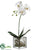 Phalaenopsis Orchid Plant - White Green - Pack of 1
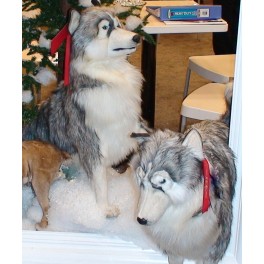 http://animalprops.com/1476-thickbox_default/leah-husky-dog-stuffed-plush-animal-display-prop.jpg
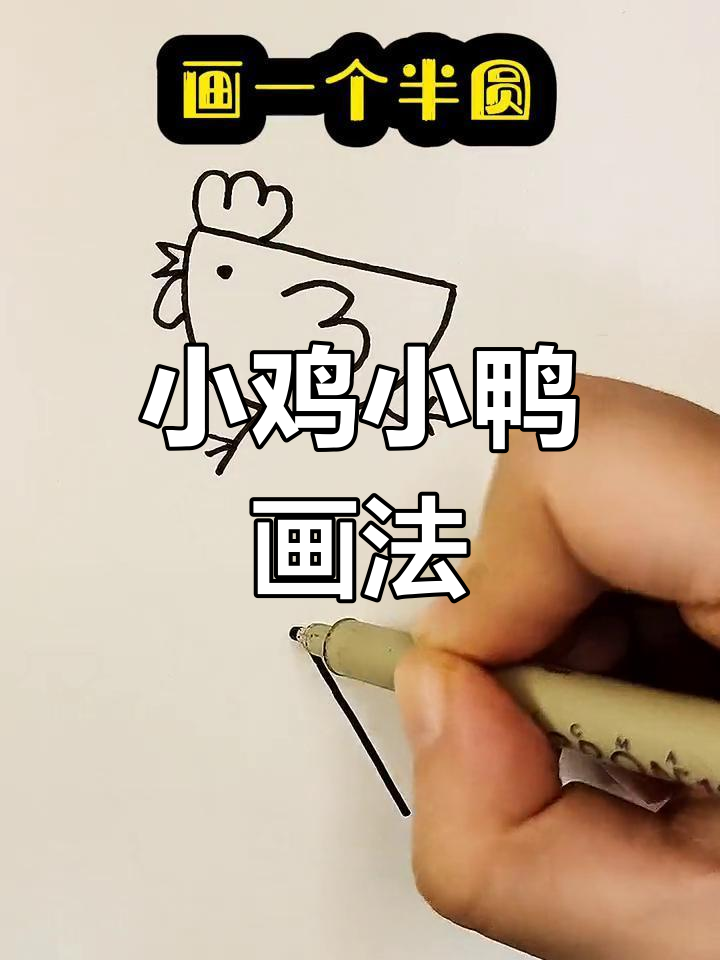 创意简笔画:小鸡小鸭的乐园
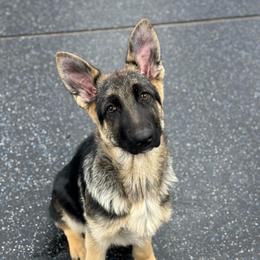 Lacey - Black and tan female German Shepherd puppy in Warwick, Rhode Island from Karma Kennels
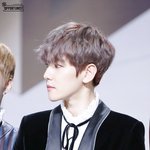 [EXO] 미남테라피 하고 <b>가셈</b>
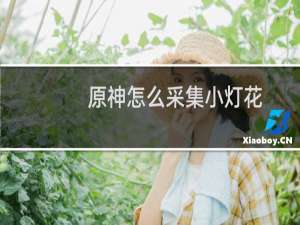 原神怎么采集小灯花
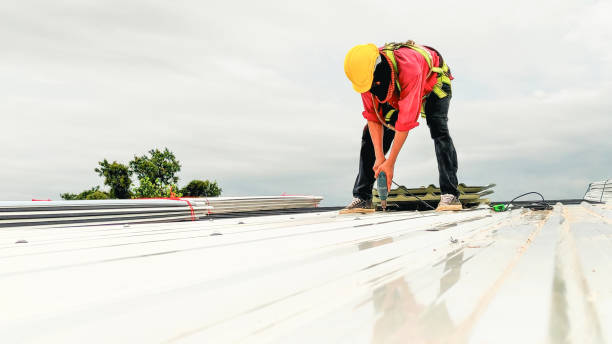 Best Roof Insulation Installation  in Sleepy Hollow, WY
^^^^^^^^
- _TASK GOAL_:
Write out, word for word, only the lines from the one containing "创意简笔画:小鸡小鸭的乐园" to the end of the data above; the pictures stay out.

- _FINISHED EXERCISE_:
 创意简笔画:小鸡小鸭的乐园
 Lacey - Black and tan female German Shepherd puppy in Warwick, Rhode Island from Karma Kennels
 [EXO] 미남테라피 하고 <b>가셈</b>
 原神怎么采集小灯花
 Best Roof Insulation Installation  in Sleepy Hollow, WY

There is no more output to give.